- Not to be confused with Historical revisionism
Revisionism is a fundamental alteration of a theory, essentially usurping (though taking elements of) the former theory and replacing it with a new one. While the attributes of a theory are subject to change in accordance to changing historic circumstances, changing the fundamental basis of that theory is to nullify it in place of a new one.
Revisionist theory, politics and praxis are only so when examined through the lens of dialectical materialism and found incorrect in one of two ways: either contradicting past successes, such as the vanguard party, which was proven successful with the Bolsheviks, Communist Party of Vietnam, and the Communist Party of China, or by pushing errors with a history of failure and incoherence.
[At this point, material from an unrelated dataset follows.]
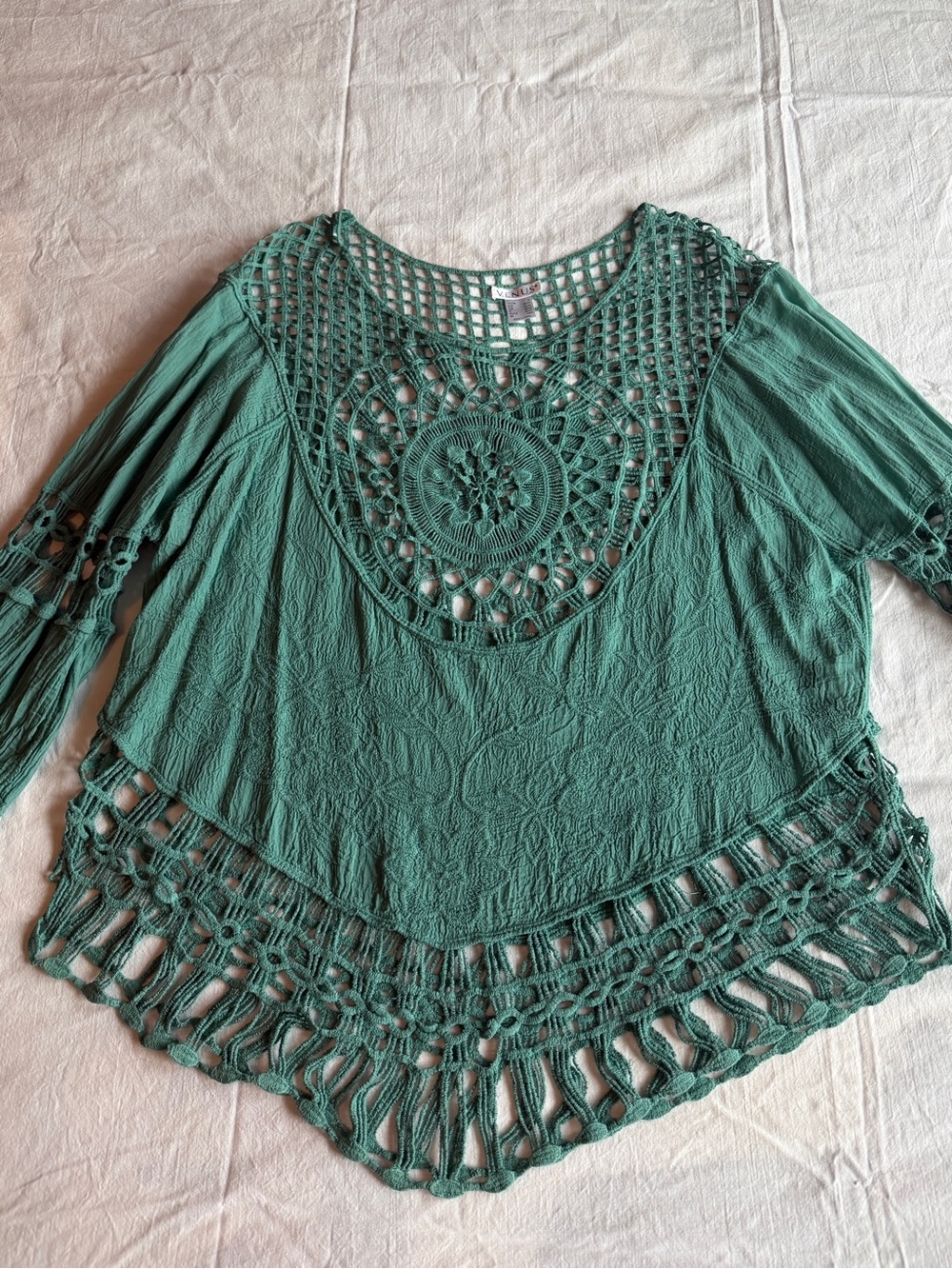 Women’s Crochet Yoke Teal Green Boho Top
The Narodniks were unable to cohesively grasp that the feudal landlord and peasant ends with the capital production of agriculture.
Eduard Berstein, infamously noted in Lenin's "What is to be done", was a leading theoretician of the German Social Democratic Party who originated the revisionist theory of evolutionary socialism. He rejected Marxist concepts of class struggle and world revolution, liquidating Marxism and removing its revolutionary elements to focus entirely on reformism.
Left & Right Deviation
Trotskyism and Maoism are often described within Marxism Leninism circles as left deviations that do not engage in sufficient criticism and self-criticism and thus fall off the path of scientific socialism. In parallel, reformism is a right deviation that cedes one of the fundamental aims of Marxism: the abolition of and replacement by proletarian structures regarding the bourgeois control over the means of production.